From mboxrd@z Thu Jan  1 00:00:00 1970
Date: Wed, 30 May 2007 10:56:17 -0700 (PDT)
From: Christoph Lameter <clameter@sgi.com>
Subject: Re: [PATCH] Document Linux Memory Policy
In-Reply-To: <1180544104.5850.70.camel@localhost>
Message-ID: <Pine.LNX.4.64.0705301042320.1195@schroedinger.engr.sgi.com>
References: <1180467234.5067.52.camel@localhost>
 <Pine.LNX.4.64.0705291247001.26308@schroedinger.engr.sgi.com>
 <1180544104.5850.70.camel@localhost>
MIME-Version: 1.0
Content-Type: TEXT/PLAIN; charset=US-ASCII
Sender: owner-linux-mm@kvack.org
Return-Path: <owner-linux-mm@kvack.org>
To: Lee Schermerhorn <Lee.Schermerhorn@hp.com>
Cc: linux-mm <linux-mm@kvack.org>, Andrew Morton <akpm@linux-foundation.org>, Andi Kleen <ak@suse.de>
List-ID: <linux-mm.kvack.org>

On Wed, 30 May 2007, Lee Schermerhorn wrote:

> > You can use cpusets to automatically migrate pages and sys_migrate_pages 
> > to manually migrate pages of a process though.
> 
> I consider cpusets, and the explicit migration APIs, orthogonal to
> mempolicy.  Mempolicy is an application interface, while cpusets are an
> administrative interface that restricts what mempolicy can ask for.  And
> sys_migrate_pages/sys_move_pages seem to ignore mempolicy altogether.
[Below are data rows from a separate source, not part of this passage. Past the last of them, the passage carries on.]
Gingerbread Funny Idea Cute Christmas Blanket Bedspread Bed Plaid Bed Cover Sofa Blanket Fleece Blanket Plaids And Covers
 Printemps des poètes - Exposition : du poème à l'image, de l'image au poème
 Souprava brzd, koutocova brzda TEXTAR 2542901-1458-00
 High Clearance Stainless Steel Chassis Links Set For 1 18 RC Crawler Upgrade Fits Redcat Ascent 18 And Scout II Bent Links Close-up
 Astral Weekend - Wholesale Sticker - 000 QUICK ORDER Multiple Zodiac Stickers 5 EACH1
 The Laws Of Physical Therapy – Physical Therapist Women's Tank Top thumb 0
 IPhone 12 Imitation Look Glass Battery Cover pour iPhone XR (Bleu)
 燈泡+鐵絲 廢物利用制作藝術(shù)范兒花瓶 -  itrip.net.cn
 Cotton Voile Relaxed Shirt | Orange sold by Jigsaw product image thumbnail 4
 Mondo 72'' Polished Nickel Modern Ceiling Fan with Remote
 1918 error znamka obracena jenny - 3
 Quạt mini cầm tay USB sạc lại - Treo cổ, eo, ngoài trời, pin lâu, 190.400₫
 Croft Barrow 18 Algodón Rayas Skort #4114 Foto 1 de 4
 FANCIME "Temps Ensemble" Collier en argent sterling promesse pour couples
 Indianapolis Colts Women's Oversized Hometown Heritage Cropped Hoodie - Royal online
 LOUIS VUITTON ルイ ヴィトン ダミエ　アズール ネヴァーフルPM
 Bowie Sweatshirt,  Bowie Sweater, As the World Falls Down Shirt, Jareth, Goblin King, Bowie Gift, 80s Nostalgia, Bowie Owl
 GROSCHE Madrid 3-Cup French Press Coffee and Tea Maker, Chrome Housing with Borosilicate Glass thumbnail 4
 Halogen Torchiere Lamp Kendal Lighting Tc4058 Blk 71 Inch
They have to since they may be used to change page locations when policies 
are active. There is a libcpuset library that can be used for application 
control of cpusets. I think Paul would disagree with you here.

> I would agree, however, that they could be better integrated.  E.g., how
> can a NUMA-aware application [one that uses the mempolicy APIs]
> determine what memories it's allowed to use.  So far, all I've been able
> to determine is that I try each node in the mask and the ones that don't
> error out are valid.  Seems a bit awkward...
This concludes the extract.